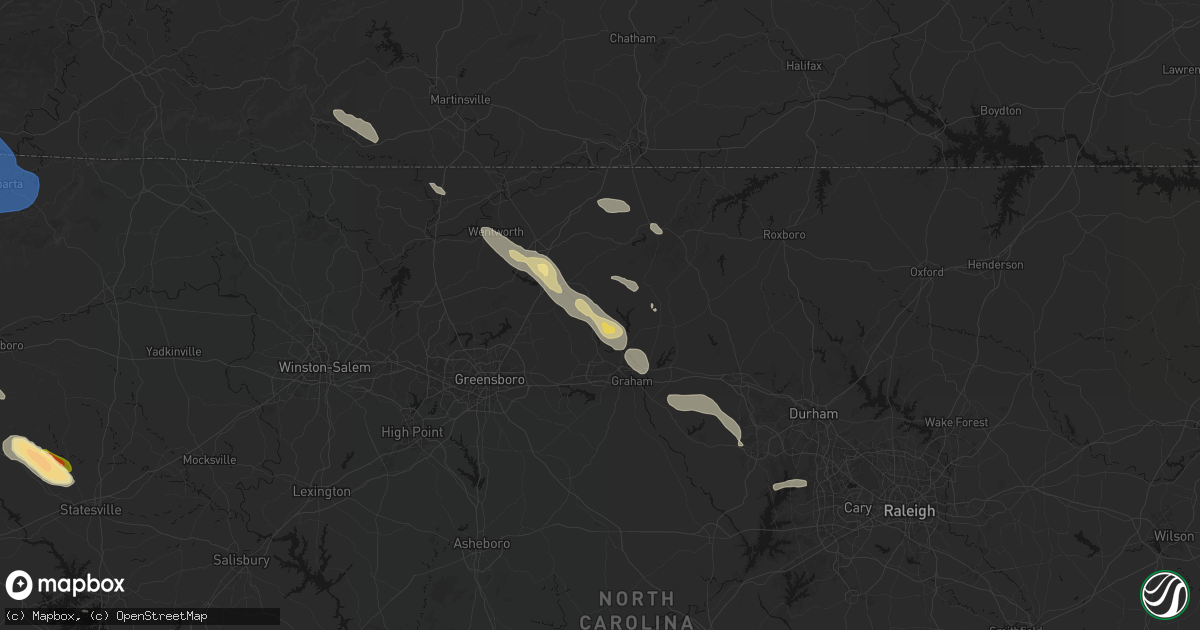 Hail map in Elon, NC on July 28, 2026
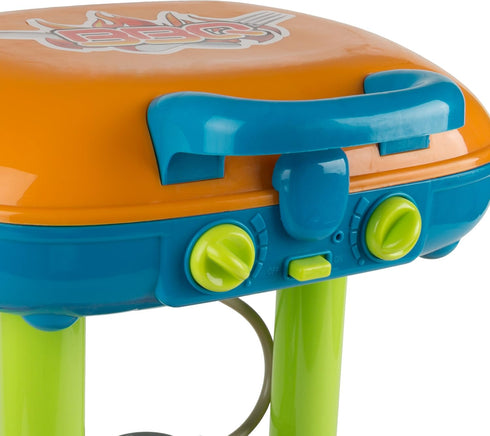 BBQ Grill Toy Set - Interactive Play Kitchen Set with Lights, Sounds, Wheels, Toy Food, and Cooking Accessories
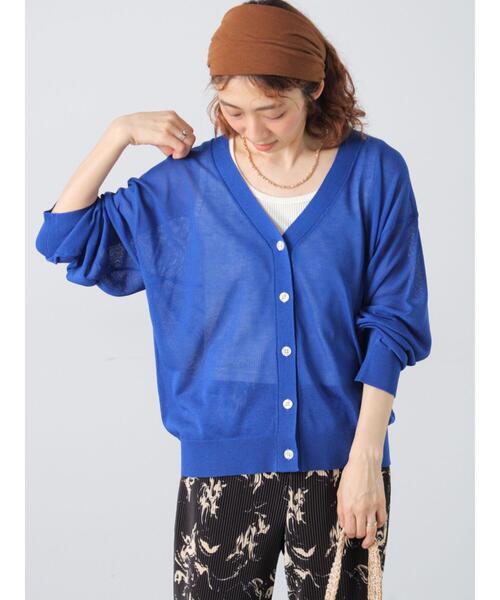 Lugnoncure（ルノンキュール）の「【接触冷感】無地/柄アソートVネックカーディガン（カーディガン/ボレロ・レディース・オレンジ/ネイビー/オフホワイト/ブルー/ブラック・F）」の17枚目の写真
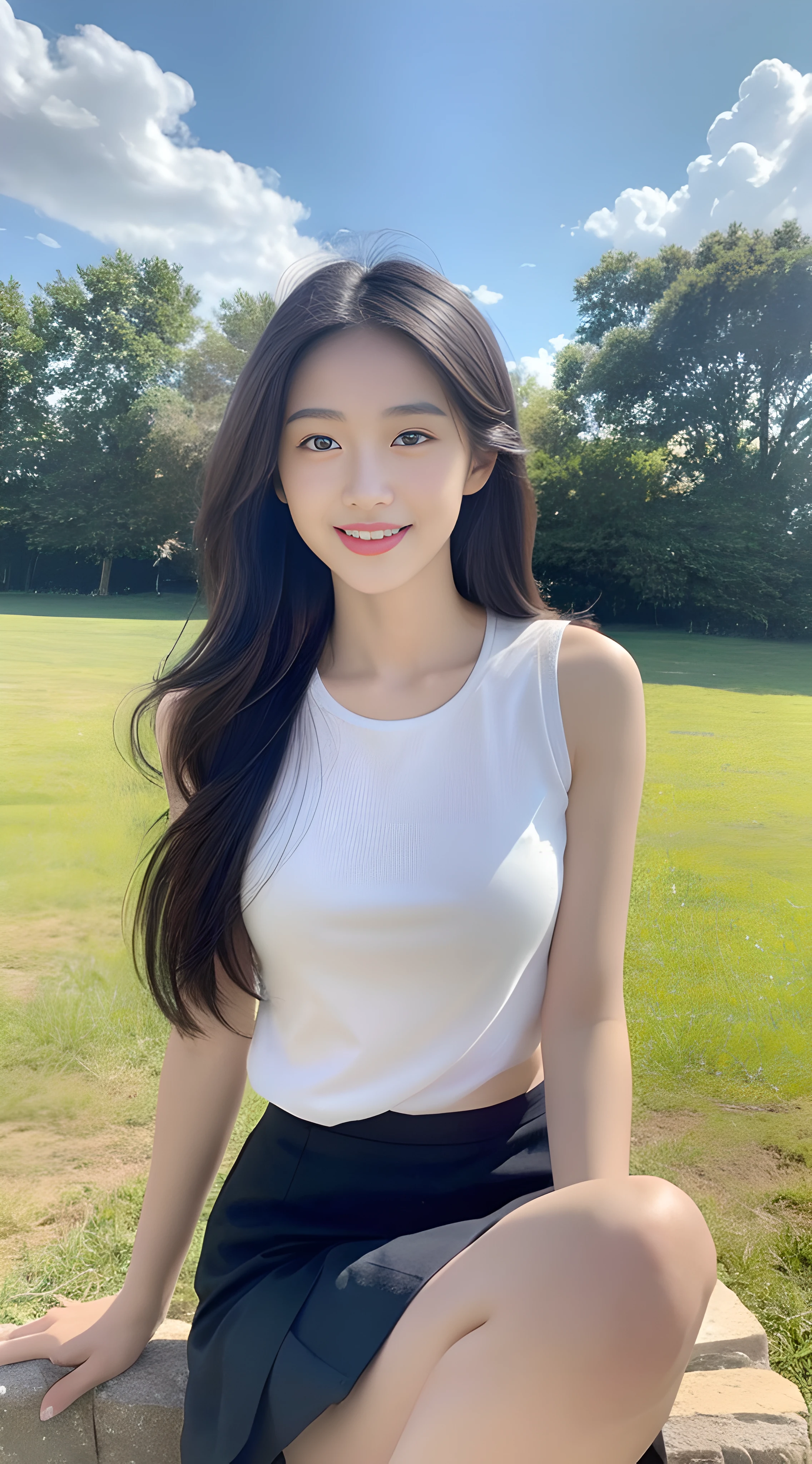 A nice and cute girl,Full body photo,Extremely beautiful and delicate,Black color hair,A sweet smile,Delicate and beautiful fair skin,Realistic and realistic,exquisite and complete facial features,Detailed depiction of the face,tall nose bridge,Smooth hair,extremely detail hair,Feminine temperament,Fill your face light,Tall and tall,Thin,Realiy,Hyper-realism,full body shot shot,Forward tilt angle,Extreme picture quality,Highest precision,Precise and perfect human anatomy。with blue sky and white clouds,Sitting on the Steppe,with blue sky and white clouds,rays of sunshine,cattle and sheep,(short skirt)Panties are clearly visible. telephoto shot,Express the landscape,Highlight portrait。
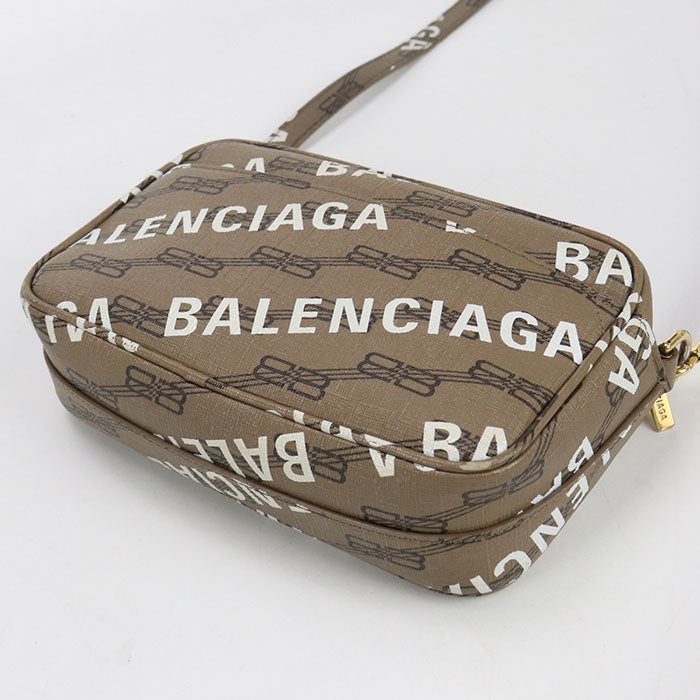 BALENCIAGA 702701 210HA 2769 BB monogram Diagonal shoulder bag PVC brown Women
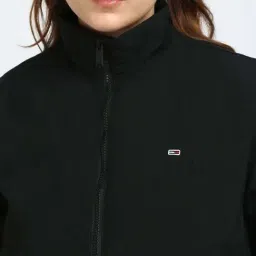 TOMMY HILFIGER Black Plain Puffer Jacket image 4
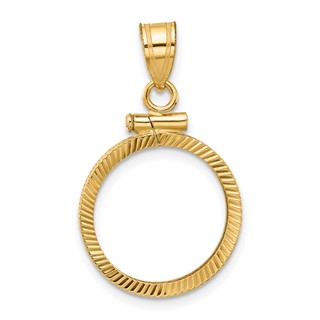 Wideband Distinguished Coin Jewelry 10k Polished and Diamond-cut 15.5mm x 1.1mm Screw Top Coin Bezel Pendant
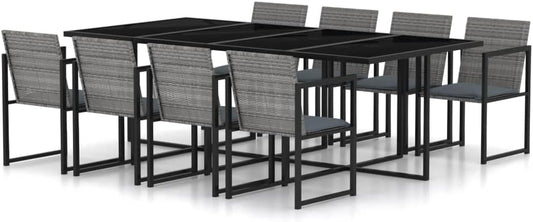 vidaXL 9 Piece Modern Outdoor Dining Set, Poly Rattan Construction with Cushions and Tempered Glass Table Top, Garden/Patio Furniture - Grey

◆ Required action
Write out the listing above in full, word for word, with no pictures.

◆ Expected answer
 Hail map in Elon, NC on July 28, 2026
 BBQ Grill Toy Set - Interactive Play Kitchen Set with Lights, Sounds, Wheels, Toy Food, and Cooking Accessories
 Lugnoncure（ルノンキュール）の「【接触冷感】無地/柄アソートVネックカーディガン（カーディガン/ボレロ・レディース・オレンジ/ネイビー/オフホワイト/ブルー/ブラック・F）」の17枚目の写真
 A nice and cute girl,Full body photo,Extremely beautiful and delicate,Black color hair,A sweet smile,Delicate and beautiful fair skin,Realistic and realistic,exquisite and complete facial features,Detailed depiction of the face,tall nose bridge,Smooth hair,extremely detail hair,Feminine temperament,Fill your face light,Tall and tall,Thin,Realiy,Hyper-realism,full body shot shot,Forward tilt angle,Extreme picture quality,Highest precision,Precise and perfect human anatomy。with blue sky and white clouds,Sitting on the Steppe,with blue sky and white clouds,rays of sunshine,cattle and sheep,(short skirt)Panties are clearly visible. telephoto shot,Express the landscape,Highlight portrait。
 BALENCIAGA 702701 210HA 2769 BB monogram Diagonal shoulder bag PVC brown Women
 TOMMY HILFIGER Black Plain Puffer Jacket image 4
 Wideband Distinguished Coin Jewelry 10k Polished and Diamond-cut 15.5mm x 1.1mm Screw Top Coin Bezel Pendant
 vidaXL 9 Piece Modern Outdoor Dining Set, Poly Rattan Construction with Cushions and Tempered Glass Table Top, Garden/Patio Furniture - Grey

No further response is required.